On Feb. 8, 1946, Timothy Hood, an honorably discharged Marine, removed the Jim Crow sign from a trolley in Bessemer, Alabama. He was shot repeatedly by the trolley owner, before being arrested. He died in the back of the police car. Less than a month later, J.C. Farmer, a black veteran, was waiting for a bus in Wilson, North Carolina, on Aug. 17, 1946, when he was ordered into a police officer’s patrol car. When Farmer objected, the officer allegedly struck Farmer in the head. In the ensuing scuffle, the officer’s gun went off, shooting its owner in the hand. Within the hour, a mob had formed and Farmer was dead.
Photo via the National Archives
Sgt. John C. Clark Staff Sgt. Ford M. Shaw clean their rifles in a bivouac area alongside the East-West Trail in Bougainville on April 4, 1944.
In 1943, Maceo Snipes, left his home in Butler, Georgia, to enlist in the Army. Two and a half years later, with an honorable discharge, and $110 to his name, he returned to his family farm in Taylor County. With the war over, cotton, peanuts, and corn became his mission, while farm tools replaced the arms and equipment he carried during his six months in the Pacific theater.
Snipes likely believed that having served his country, he should have the right to vote in it too. On July 17, 1946, he was the only African-American in racially segregated Taylor County to vote in the Democratic primary for governor.
The next day, several white men in a pickup truck came to Snipes’ house and shot him, before driving away unhindered. Two days after making history as the first, and only, African-American in his county to cast a ballot in that election, he died of his wounds.
Fearing more attacks, his family fled, hastily burying his body under cover of darkness. To this day the exact location of his remains is unknown. The killing was listed as self-defense, though the family and historians, have refuted that repeatedly, arguing that it was a lynching.
“You could give so much to your country, and then return to a country that, at that time, gave so little back.”
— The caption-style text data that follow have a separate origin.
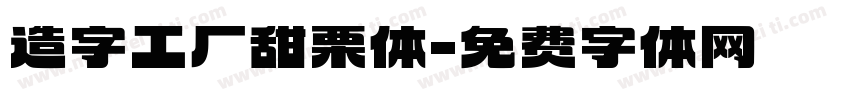 造字工厂甜栗体字体转换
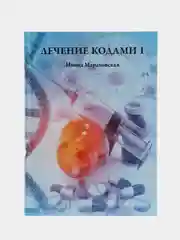 Лечение кодами 1", Нонна Мараховская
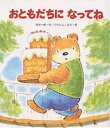 おともだちになってね／岡本一郎／つちだよしはる【3000円以上送料無料】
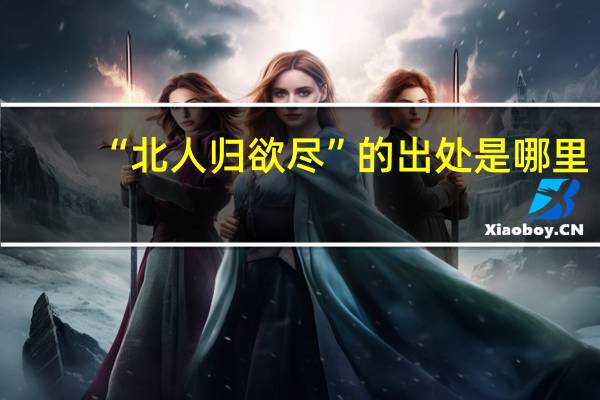 “北人归欲尽”的出处是哪里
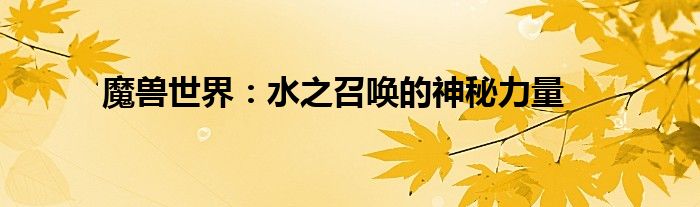 魔兽世界：水之召唤的神秘力量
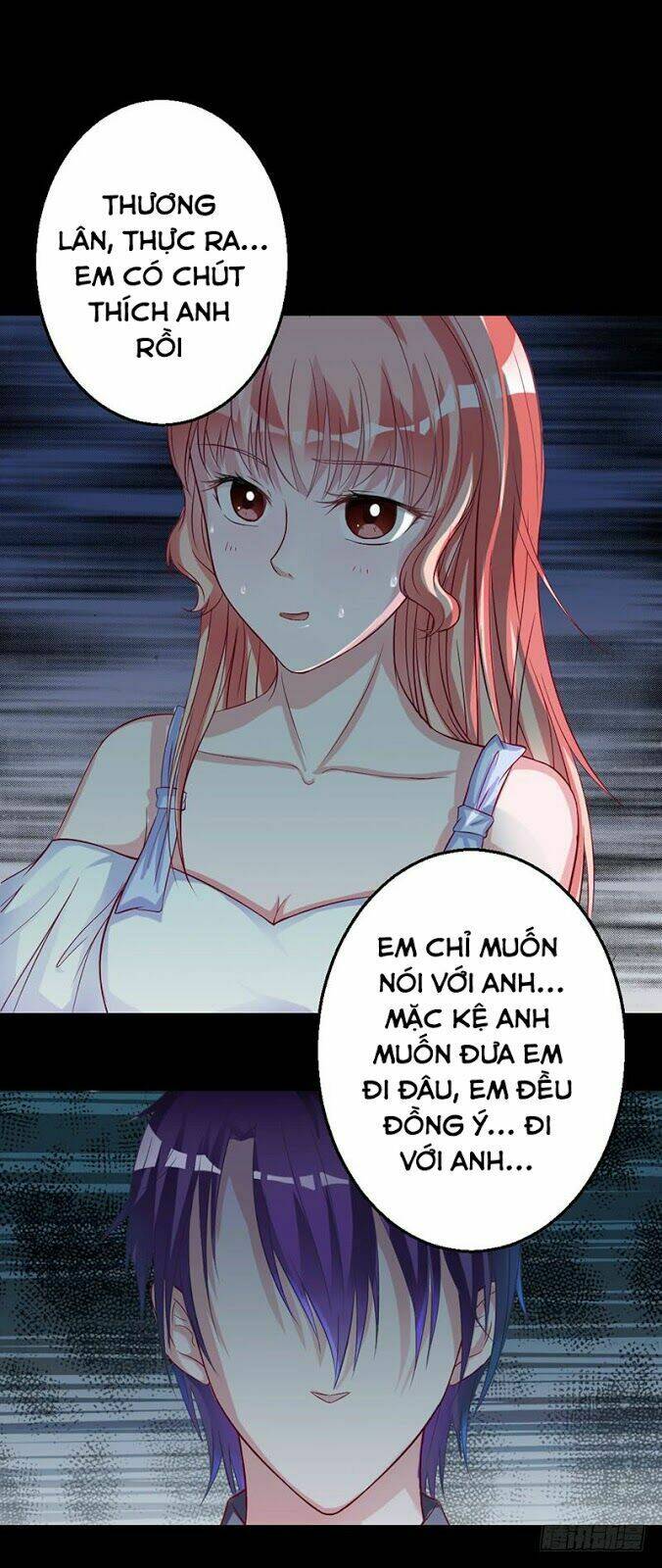 Hung Mãnh Quỷ Phu Bà Thượng Sàng: Chapter 16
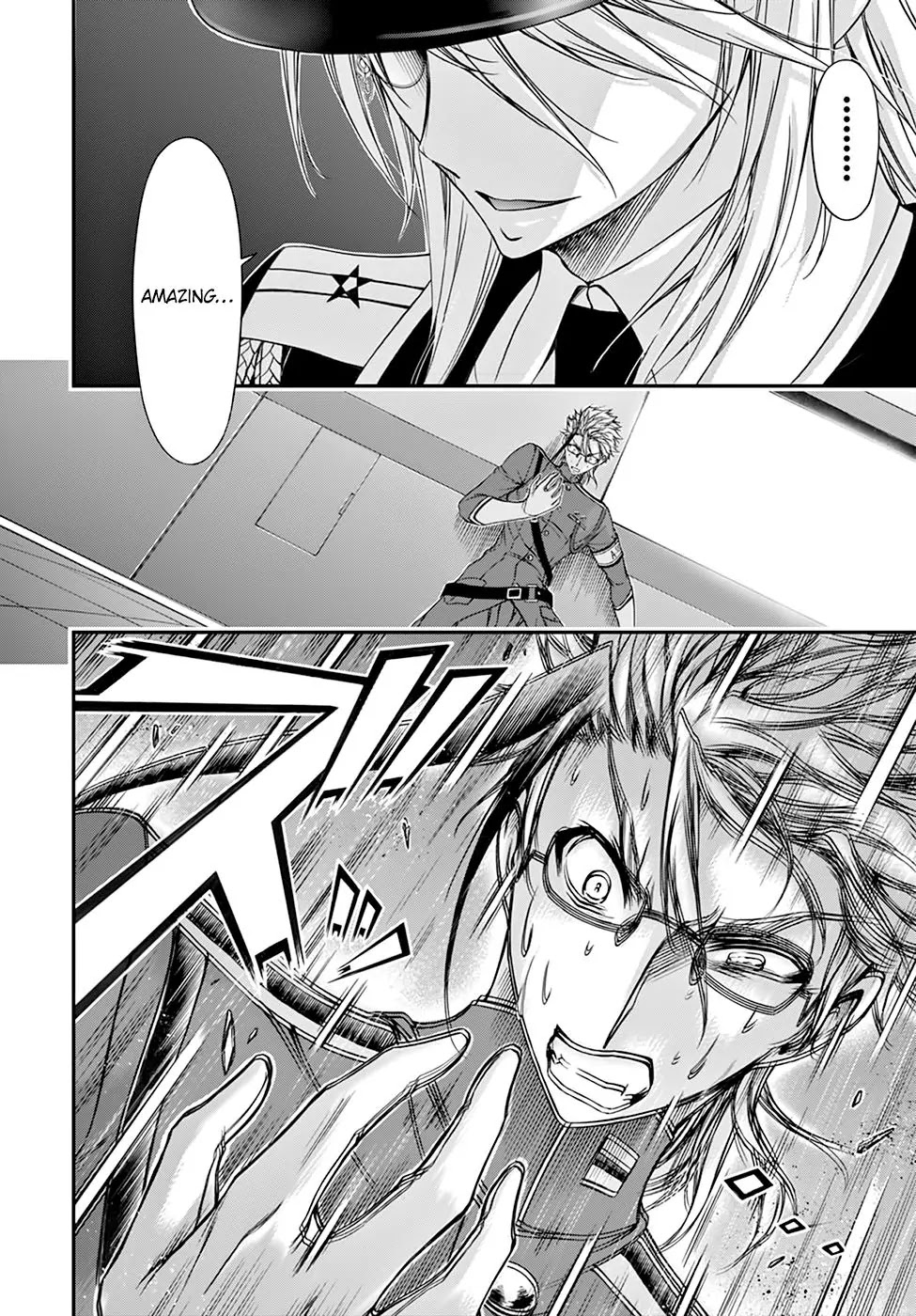 Plunderer Chapter 19 - Page 39
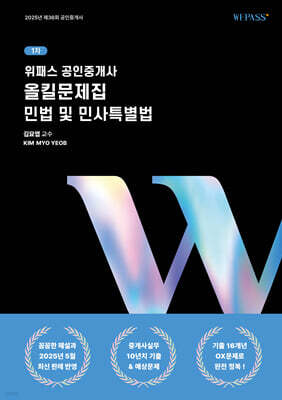 위패스 공인중개사 올킬문제집 1차 민법 및 민사특별법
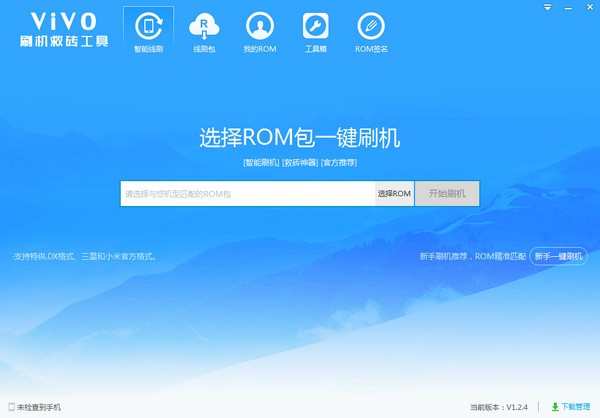 vivo線刷刷機工具官方版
“You have a person, like Maceo Snipes, who understood the significance of fighting for equal rights and fighting for the rights of all people to enjoy the benefits of this country,” Edward Dubose, a national board member with the National Association for the Advancement of Colored People, told Task & Purpose. For Dubose, a 21-year Army veteran who worked closely with the family of Snipes on efforts to launch a federal investigation of his death, the killing is particularly telling and deeply personal.
“A man was prepared to sacrifice his life, and for him to come back and be killed for engaging in something so sacred — the right to vote — for me, as a veteran, standing on people’s shoulders like Maceo Snipes, and dealing with my own discrimination in the military, it was just very personal,” Dubose said. “You could give so much to your country, and then return to a country that, at that time, gave so little back.”
Today, on the walls of the Taylor County courthouse in Butler, Georgia, are three plaques honoring World War II veterans from the area. One reads “Whites,” and another — where Snipes’ name can be found — is labeled “Colored.” On a third, more recent plaque, Snipes’ name appears again, listed among all of his brothers in arms, whatever their skin color.